“She is,” Wilfred said, filling his mug with ale and raising it to his lips, “and I’m a lonely widower. But how did you know?”

“You wouldn’t believe me if I told you,” John replied. “I get my information through channels that are barred to men like you.”

“Witchcraft, I suppose,” Wilfred said, with a sneer. “But why this mystery? Someone in Bristol city wrote to you.”

“No, they didn’t,” John answered. “I know no one in Bristol city now. Your first suggestion was nearer the truth. Your wife, Wilfred, often comes to see me. I know all about the way in which you treated her.”
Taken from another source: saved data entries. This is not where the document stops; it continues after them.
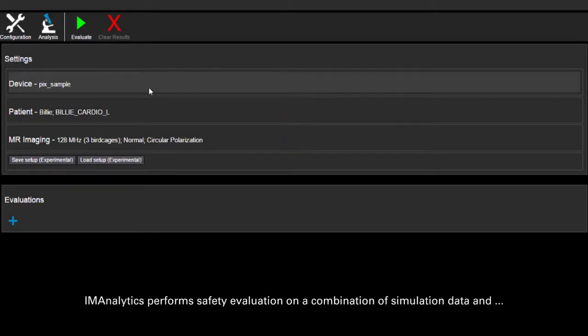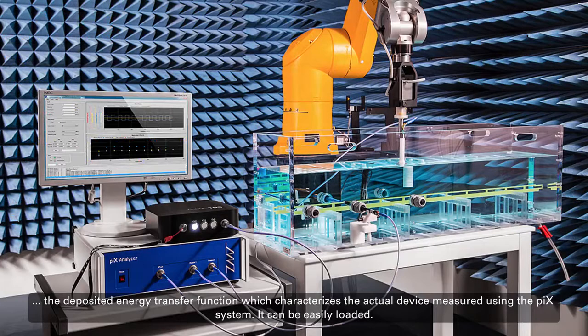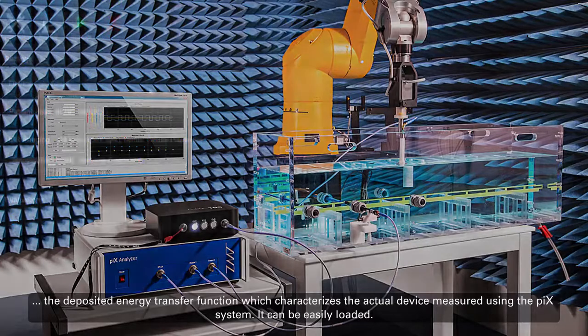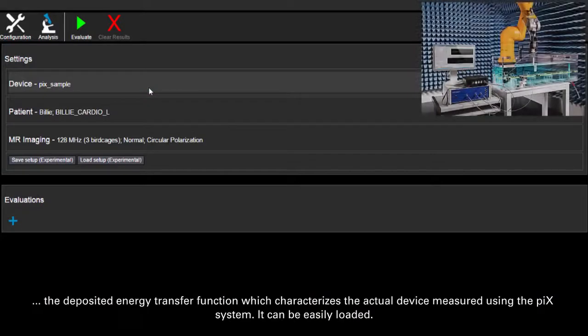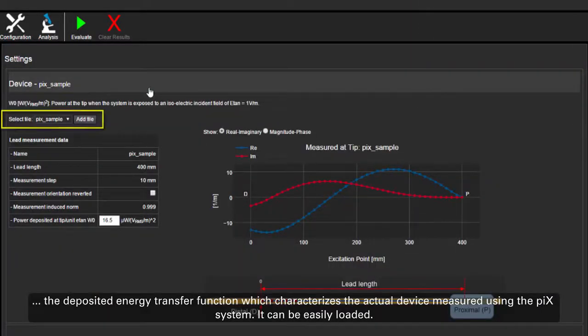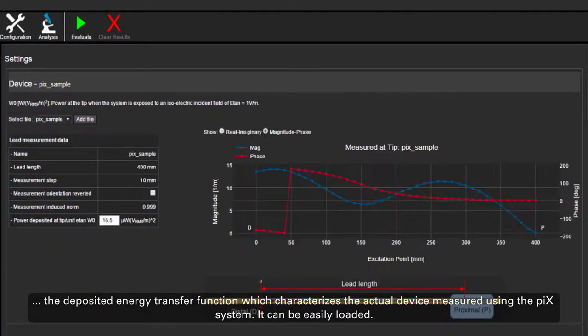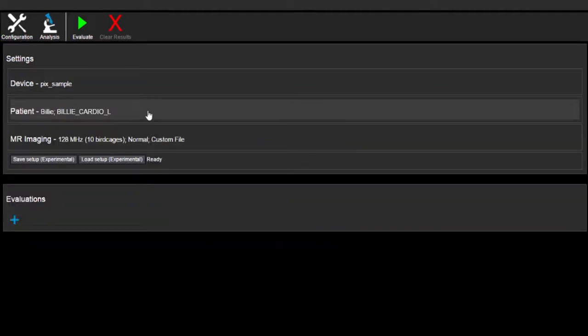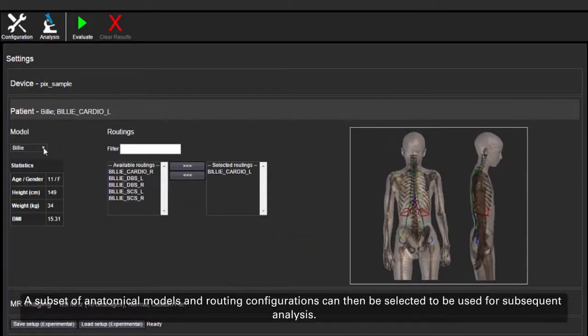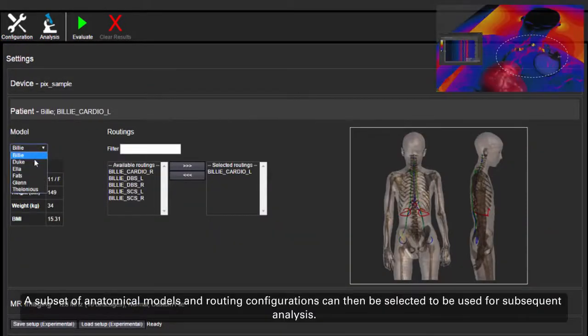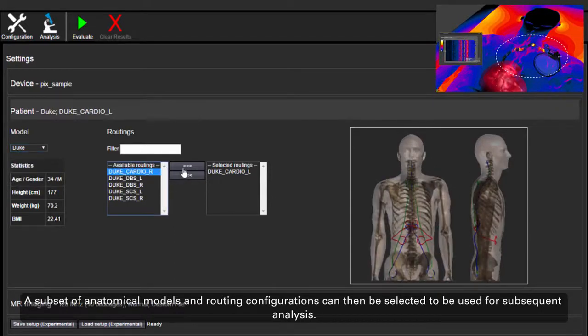IM Analytics performs safety evaluation on a combination of simulation data and the deposited energy transfer function which characterizes the actual device measured using the PIX system. It can be easily loaded. A subset of anatomical models and routing configurations can then be selected to be used for subsequent analysis.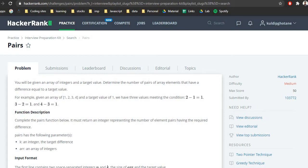Hello and welcome to the video. In this video we will be looking at the problem 'Pairs' from the search section in the HackerRank interview preparation kit playlist. It is the 30th video in the playlist, marked as a medium difficulty problem worth 50 points. This problem is very analogous to the ice cream parlor problem we solved earlier, with a few changes — in the last problem they asked for the index, but here they ask for the count of pairs.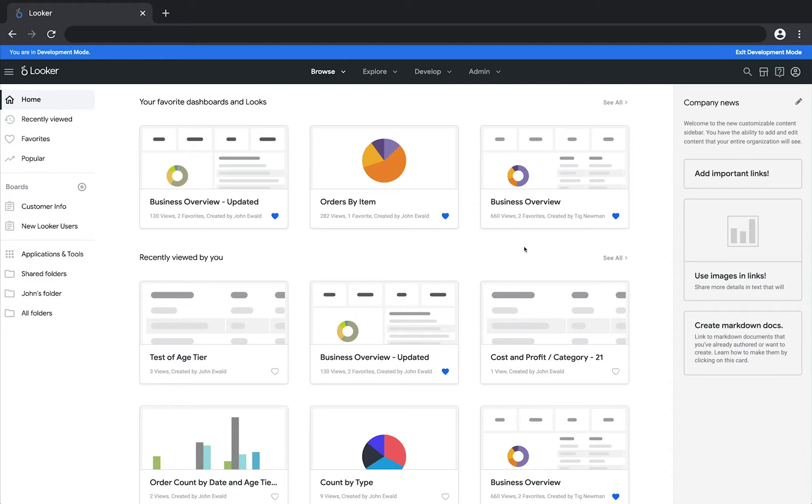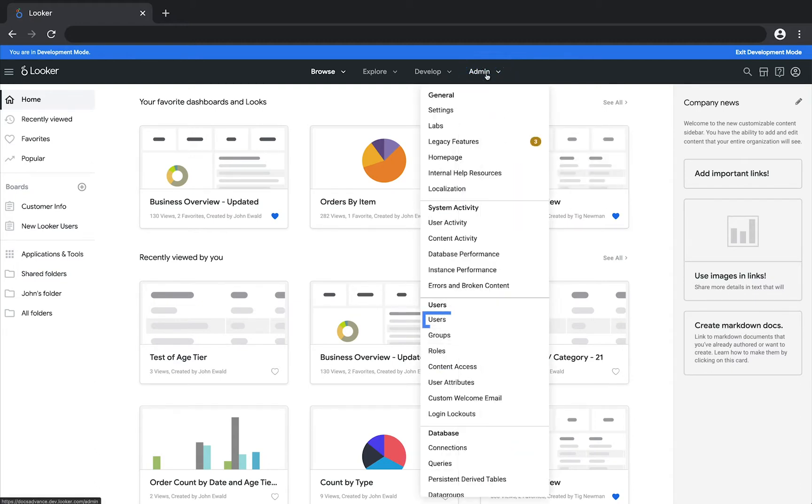If you have administrative rights, you can choose Admin and then Users to navigate to the users page.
“The way in which I treated her!” Wilfred cried, starting upright in his chair, his face flushing angrily. “God’s truth, man, what do you mean by such a statement?”

“I mean exactly what I say,” John answered. “For the first two years you treated her tolerably well. Then someone else caught your fancy. Jenny was neglected, despised, and on one occasion actually beaten.”

“It’s a lie!” Wilfred gasped, springing to his feet, as if to leave the table.

“No, it’s not,” John retorted, “and you know it. Come, sit down, man, and go on drinking. Love never was in your line, drink is. Besides, as you say, she’s dead, and what’s the use of quarrelling over a corpse, even though she were beautiful as—as——” He didn’t finish his sentence, but leaning forward thrust Wilfred back into his chair.

For some seconds the two men sat and looked at one another—Wilfred sullen, frightened, and resentful; John imperturbable save for the perpetual restless movement of his eyes, and an occasional peculiar twitching of his upper lip and hands.

“A rum,” John said at length, “or a gin? Or both?”